__Directions for this task__. Given the material below, return only the lines starting at the line with "Children running together" and ending at the line with "a woman wearing", exactly as they appear.

__Study material__.
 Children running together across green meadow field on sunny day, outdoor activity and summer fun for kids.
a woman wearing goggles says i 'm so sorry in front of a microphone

---

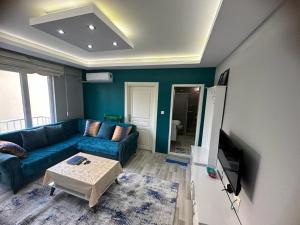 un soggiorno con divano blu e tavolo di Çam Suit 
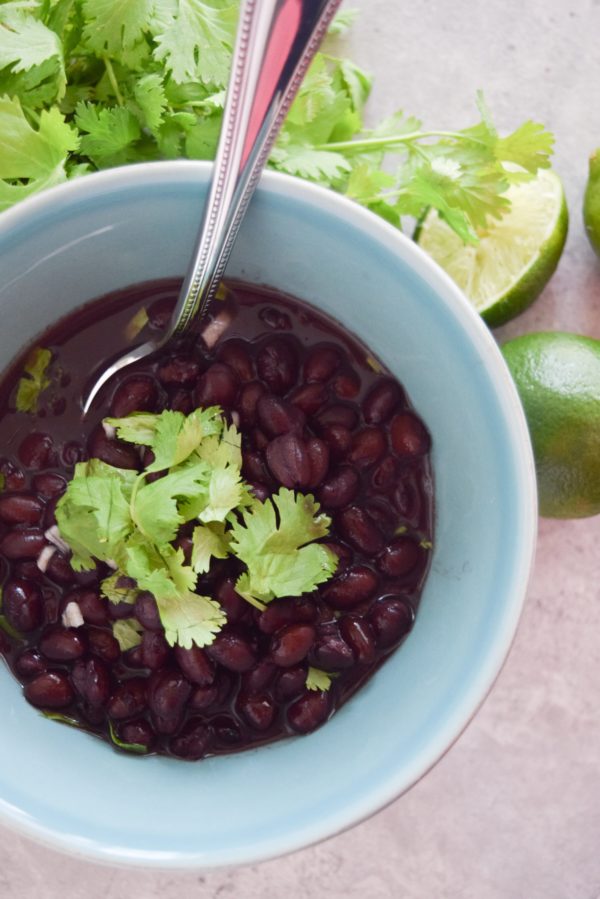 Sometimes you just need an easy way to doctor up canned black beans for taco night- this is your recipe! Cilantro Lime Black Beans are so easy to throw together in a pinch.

__Response to the exercise__.
 Children running together across green meadow field on sunny day, outdoor activity and summer fun for kids.
a woman wearing goggles says i 'm so sorry in front of a microphone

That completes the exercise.